Die Klägerin und Revisionsklägerin (Klägerin) ist eine GmbH mit dem Sitz in A. Gegenstand ihres Unternehmens ist die Gewinnung und Aufbereitung von Kies und Sand. Zu diesem Zweck hat die Klägerin mehrere Halden gepachtet.

In den Streitjahren 1976 und 1978 schaffte die Klägerin mehrere Maschinen in beträchtlichem Wert an. Die Maschinen sind bei der Gewinnung der Rohstoffe eingesetzt. Der Erwerb wurde vom Bundesamt für gewerbliche Wirtschaft als förderungswürdige Betriebstättenerweiterung anerkannt. Auf die Anschaffungskosten gewährte der Beklagte und Revisionsbeklagte (das Finanzamt - FA -) Investitionszulage nach § 1 Abs. 1 des Investitionszulagengesetzes (InvZulG).

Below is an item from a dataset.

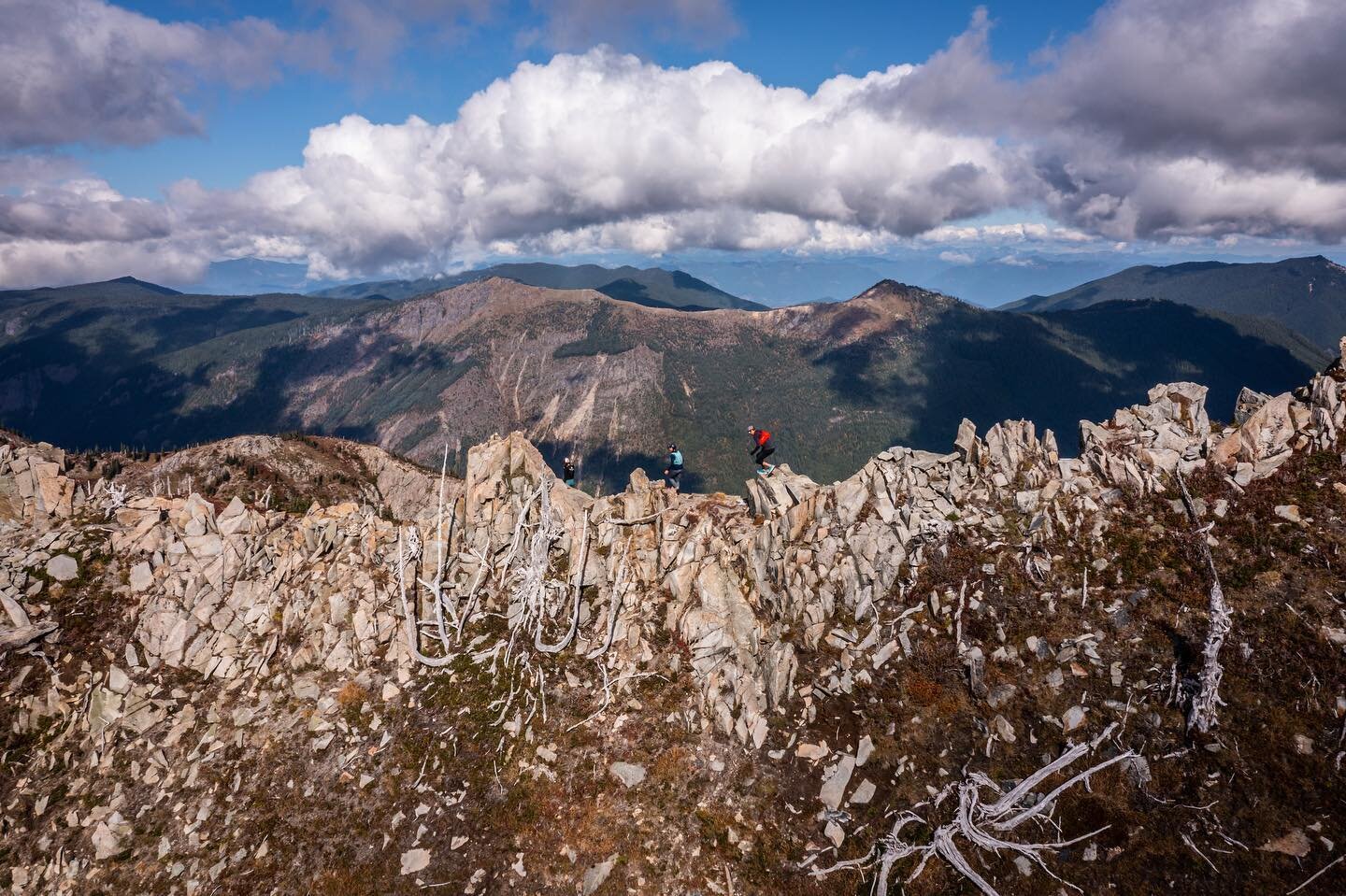 Alpenflo trail camp is live!

Combining the best from the last three years and bringing together some awesome partners. This&rsquo;ll be a hell of a four-day running camp. Labor day weekend, 2022.

Check it out alpenflo.com/trailcamp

Noch innerhalb der in § 1 Abs. 3 Nr. 1 InvZulG vorgesehenen dreijährigen Bindungsfrist vermietete die Klägerin Maschinen je nach Bedarf für die Dauer zwischen einem Monat und einem Jahr an die Firma X. Die X hat ihren Sitz in Frankreich. Gegenstand ihres Unternehmens ist ebenfalls die Gewinnung und Aufbereitung von Baustoffen. Die Klägerin und die X sind Schwestergesellschaften. Sie werden beide von dem Geschäftsführer der Klägerin zu 100 % beherrscht. Die vorzeitige Verpachtung der Maschinen wird von der Klägerin damit gerechtfertigt, daß das Rohmaterial in einer der angepachteten Halden früher als erwartet erschöpft gewesen sei. Es sei ihr nicht möglich gewesen, eine andere Halde zu pachten. Auch habe sie in der Folgezeit Rohmaterial von der X erwerben müssen, um ihren Lieferpflichten nachzukommen. Der X habe es aber an einem ausreichenden Maschinenpark gefehlt, weshalb sie, die Klägerin, mit Maschinen ausgeholfen habe. Die mit dem Erwerb geschaffenen neuen Arbeitsplätze seien durch die Vermietung nicht verlorengegangen; denn sie habe die Maschinen mit der jeweiligen Bedienungsmannschaft vermietet.

Das FA nahm die vorzeitige Verpachtung zum Anlaß, um seine Investitionszulagebescheide 1976 und 1978 zu ändern. Das führte zu Investitionszulage-Rückforderungen von . . . DM und . . . DM. Die Einsprüche hatten keinen Erfolg. Die Klage wurde ebenfalls abgewiesen.

 

Entscheidungsgründe

Auch die Revision ist unbegründet.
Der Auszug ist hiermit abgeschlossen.